Reputation: 73
I have an issue right now. the column I am trying to manipulate looks like this:
> DT <- data.table(Group= c("SM", NA, NA, NA, NA, NA, "GH", NA, NA, NA, NA, NA, NA, NA))
> DT
Group
1: SM
2: <NA>
3: <NA>
4: <NA>
5: <NA>
6: <NA>
7: GH
8: <NA>
9: <NA>
10: <NA>
11: <NA>
12: <NA>
13: <NA>
14: <NA>
I want to fill the NAs with the previous value but just for a specific amount of rows, in this case just 4, meaning the desired result is:
Group
1: SM
2: SM
3: SM
4: SM
5: SM
6: <NA>
7: GH
8: GH
9: GH
10: GH
11: GH
12: <NA>
13: <NA>
14: <NA>
how can I achieve this?
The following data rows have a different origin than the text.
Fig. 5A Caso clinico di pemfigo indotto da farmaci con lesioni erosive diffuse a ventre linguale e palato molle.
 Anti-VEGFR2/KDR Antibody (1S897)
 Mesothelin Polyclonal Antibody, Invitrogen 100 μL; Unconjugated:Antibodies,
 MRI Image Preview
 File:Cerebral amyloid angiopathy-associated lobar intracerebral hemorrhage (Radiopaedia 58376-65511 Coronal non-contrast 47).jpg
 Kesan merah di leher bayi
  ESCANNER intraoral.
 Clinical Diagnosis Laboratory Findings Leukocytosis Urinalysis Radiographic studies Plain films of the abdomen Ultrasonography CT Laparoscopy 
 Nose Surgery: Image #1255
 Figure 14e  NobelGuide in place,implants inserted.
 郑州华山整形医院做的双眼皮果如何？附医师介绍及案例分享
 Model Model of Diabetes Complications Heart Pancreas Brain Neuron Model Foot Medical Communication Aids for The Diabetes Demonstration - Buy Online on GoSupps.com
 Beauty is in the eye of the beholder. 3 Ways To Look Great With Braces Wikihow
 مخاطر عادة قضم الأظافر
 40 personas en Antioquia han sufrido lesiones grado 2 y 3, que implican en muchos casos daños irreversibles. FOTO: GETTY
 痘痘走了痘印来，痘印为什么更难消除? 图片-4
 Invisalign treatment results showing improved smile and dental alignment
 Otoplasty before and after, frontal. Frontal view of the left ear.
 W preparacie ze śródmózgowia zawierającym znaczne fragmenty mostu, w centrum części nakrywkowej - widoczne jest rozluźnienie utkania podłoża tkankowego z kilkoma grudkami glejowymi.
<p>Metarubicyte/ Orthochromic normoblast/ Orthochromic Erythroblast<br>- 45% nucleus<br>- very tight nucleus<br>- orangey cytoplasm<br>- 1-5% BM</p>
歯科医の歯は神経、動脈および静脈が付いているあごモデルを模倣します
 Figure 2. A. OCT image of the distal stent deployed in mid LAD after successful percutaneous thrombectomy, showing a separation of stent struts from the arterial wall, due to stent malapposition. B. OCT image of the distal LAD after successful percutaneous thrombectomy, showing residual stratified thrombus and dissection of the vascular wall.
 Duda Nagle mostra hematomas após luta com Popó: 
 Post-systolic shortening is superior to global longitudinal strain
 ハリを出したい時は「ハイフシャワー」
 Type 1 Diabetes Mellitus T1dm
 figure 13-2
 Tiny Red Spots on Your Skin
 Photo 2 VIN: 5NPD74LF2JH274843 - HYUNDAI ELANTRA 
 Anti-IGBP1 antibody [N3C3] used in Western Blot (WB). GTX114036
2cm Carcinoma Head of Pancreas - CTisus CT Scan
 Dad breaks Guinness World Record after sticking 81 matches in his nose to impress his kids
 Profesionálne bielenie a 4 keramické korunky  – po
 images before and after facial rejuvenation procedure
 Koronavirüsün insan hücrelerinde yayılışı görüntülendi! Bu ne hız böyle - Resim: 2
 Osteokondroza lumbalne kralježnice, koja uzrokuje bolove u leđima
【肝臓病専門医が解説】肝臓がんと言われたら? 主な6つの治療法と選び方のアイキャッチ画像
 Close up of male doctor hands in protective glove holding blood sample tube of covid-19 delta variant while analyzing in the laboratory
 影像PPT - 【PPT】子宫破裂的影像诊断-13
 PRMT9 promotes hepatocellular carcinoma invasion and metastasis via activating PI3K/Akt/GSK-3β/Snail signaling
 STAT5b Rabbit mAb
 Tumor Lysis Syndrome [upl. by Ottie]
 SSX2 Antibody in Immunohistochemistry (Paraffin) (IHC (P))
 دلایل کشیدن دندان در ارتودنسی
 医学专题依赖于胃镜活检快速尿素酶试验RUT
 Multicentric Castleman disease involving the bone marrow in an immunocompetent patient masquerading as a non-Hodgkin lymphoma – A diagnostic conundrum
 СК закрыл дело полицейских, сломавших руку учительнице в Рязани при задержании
I tried with na.locf() but it's not doing what I want it to do. thanks in advance
Upvotes: 3
Views: 181
Reputation: 886938
An option with data.table
would be
library(data.table)
DT[, Group := Group[1][NA^(seq_len(.N) > 5)], cumsum(!is.na(Group))]
DT
# Group
# 1: SM
# 2: SM
# 3: SM
# 4: SM
# 5: SM
# 6: <NA>
# 7: GH
# 8: GH
# 9: GH
#10: GH
#11: GH
#12: <NA>
#13: <NA>
#14: <NA>
Upvotes: 4
Reputation: 39154
Here is a solution using the dplyr
package.
library(dplyr)
library(data.table)
# Set the threshold
threshold <- 4
DT2 <- DT %>%
mutate(Group_ID = cumsum(!is.na(Group))) %>%
group_by(Group_ID) %>%
mutate(ID = row_number() - 1) %>%
mutate(Group = ifelse(ID <= threshold, first(Group), NA_character_)) %>%
ungroup() %>%
select(Group)
DT2
# # A tibble: 14 x 1
# Group
# <chr>
# 1 SM
# 2 SM
# 3 SM
# 4 SM
# 5 SM
# 6 NA
# 7 GH
# 8 GH
# 9 GH
# 10 GH
# 11 GH
# 12 NA
# 13 NA
# 14 NA
Upvotes: 3
Reputation: 17289
Here is a way to do it:
> DT[, Group := ifelse(seq_len(.N) <= 1 + 4, Group[1], Group),by = cumsum(!is.na(Group))]
> DT
Group
1: SM
2: SM
3: SM
4: SM
5: SM
6: <NA>
7: GH
8: GH
9: GH
10: GH
11: GH
12: <NA>
13: <NA>
14: <NA>
Upvotes: 2